L'Italia dal canto suo, stando al Centro Coordinamento Raae, vanta per il 2019 una raccolta media pro capite di 5,68 chilogrammi, circa il 43% del totale. Un buon risultato che deve migliorare, se non per motivi ambientali almeno per quelli economici.

I TRATTAMENTI

«I Raee rappresentano una fonte di materie prime che potrebbe affrancare il Paese dalle importazioni provenienti da Cina, Africa e Sud America», spiega Danilo Fontana, ricercatore dell'Enea. Secondo le stime dell'Agenzia per l'innovazione infatti, dal trattamento di 1 tonnellata di schede elettroniche è possibile ricavare 129 kg di rame, 43 kg di stagno, 15 kg di piombo, 0,35 kg di argento e 0,24 kg di oro, per un valore complessivo di oltre 10 mila euro.

«Ma finora in Italia il settore si ferma al trattamento iniziale, quello meno remunerativo, lasciando ad operatori esteri il compito di recuperare la parte nobile del rifiuto». Un'opportunità che saremmo già pronti a sfruttare. I ricercatori di Enea hanno infatti messo a punto Romeo, il primo impianto pilota in Italia - a Roma - per il recupero di materiali preziosi da vecchi computer e cellulari.
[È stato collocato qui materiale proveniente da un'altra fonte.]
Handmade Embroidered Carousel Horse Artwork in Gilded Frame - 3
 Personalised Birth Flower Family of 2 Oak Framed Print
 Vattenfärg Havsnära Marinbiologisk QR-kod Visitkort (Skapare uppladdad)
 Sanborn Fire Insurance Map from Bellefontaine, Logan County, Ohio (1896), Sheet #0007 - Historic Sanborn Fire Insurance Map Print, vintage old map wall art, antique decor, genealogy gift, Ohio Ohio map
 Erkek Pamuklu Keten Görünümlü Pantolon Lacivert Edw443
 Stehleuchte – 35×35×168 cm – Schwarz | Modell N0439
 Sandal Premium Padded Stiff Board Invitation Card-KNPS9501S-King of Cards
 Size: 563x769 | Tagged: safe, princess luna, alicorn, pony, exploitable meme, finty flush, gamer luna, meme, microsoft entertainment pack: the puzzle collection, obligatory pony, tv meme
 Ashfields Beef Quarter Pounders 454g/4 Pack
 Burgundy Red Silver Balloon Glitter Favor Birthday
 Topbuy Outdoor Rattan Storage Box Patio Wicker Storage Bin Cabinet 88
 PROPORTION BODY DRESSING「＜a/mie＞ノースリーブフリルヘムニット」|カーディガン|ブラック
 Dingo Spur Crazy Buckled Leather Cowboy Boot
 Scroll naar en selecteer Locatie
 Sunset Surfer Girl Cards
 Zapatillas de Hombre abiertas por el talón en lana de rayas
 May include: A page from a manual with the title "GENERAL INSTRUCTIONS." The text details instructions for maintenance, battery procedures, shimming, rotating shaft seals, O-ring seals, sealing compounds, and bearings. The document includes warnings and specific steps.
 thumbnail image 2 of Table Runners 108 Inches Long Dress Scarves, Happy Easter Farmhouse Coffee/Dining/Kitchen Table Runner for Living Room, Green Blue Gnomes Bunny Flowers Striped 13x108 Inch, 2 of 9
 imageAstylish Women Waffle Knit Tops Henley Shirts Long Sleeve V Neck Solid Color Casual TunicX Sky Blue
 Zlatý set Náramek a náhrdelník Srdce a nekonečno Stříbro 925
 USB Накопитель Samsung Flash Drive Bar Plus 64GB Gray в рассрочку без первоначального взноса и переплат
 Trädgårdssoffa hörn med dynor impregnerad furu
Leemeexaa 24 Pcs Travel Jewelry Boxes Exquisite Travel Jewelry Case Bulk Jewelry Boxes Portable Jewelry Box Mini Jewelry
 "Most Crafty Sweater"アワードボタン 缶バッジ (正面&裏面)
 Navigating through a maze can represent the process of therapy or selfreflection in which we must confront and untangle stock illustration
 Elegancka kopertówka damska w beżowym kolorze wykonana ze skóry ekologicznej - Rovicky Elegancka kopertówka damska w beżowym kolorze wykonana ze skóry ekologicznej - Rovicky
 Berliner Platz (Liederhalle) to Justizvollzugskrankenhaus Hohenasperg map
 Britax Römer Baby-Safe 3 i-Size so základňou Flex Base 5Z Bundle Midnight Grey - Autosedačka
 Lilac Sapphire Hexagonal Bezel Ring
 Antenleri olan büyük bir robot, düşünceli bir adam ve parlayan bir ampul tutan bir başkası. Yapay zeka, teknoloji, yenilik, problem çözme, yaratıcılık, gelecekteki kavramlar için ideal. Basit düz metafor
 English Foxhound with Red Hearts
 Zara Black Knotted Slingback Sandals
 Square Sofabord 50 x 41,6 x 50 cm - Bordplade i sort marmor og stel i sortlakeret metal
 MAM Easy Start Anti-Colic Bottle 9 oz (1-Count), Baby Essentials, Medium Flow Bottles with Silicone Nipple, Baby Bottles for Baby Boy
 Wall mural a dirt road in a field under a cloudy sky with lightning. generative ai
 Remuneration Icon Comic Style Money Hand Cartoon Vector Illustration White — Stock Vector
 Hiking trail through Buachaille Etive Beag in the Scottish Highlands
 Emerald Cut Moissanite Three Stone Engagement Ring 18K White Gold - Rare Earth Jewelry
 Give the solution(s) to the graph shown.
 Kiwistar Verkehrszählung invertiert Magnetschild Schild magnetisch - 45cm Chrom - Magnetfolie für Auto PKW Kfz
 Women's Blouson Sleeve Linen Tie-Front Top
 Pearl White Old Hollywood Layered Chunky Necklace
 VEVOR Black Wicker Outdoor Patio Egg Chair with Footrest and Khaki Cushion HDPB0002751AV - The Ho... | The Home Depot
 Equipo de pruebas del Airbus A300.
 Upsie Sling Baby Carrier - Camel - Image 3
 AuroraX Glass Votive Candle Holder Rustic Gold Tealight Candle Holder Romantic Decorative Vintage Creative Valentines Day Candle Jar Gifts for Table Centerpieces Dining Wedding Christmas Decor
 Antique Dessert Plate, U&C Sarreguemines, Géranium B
Un processo che si sta cercando di trasferire all'industria e che ha unaresa del 95%nell'estrazione dioro, argento, platino, palladio, rame, stagno e piombo. Il tutto con il minimo impatto ambientale dato che le emissioni gassose vengono trattate e trasformate in reagenti da impiegare nuovamente nel processo stesso.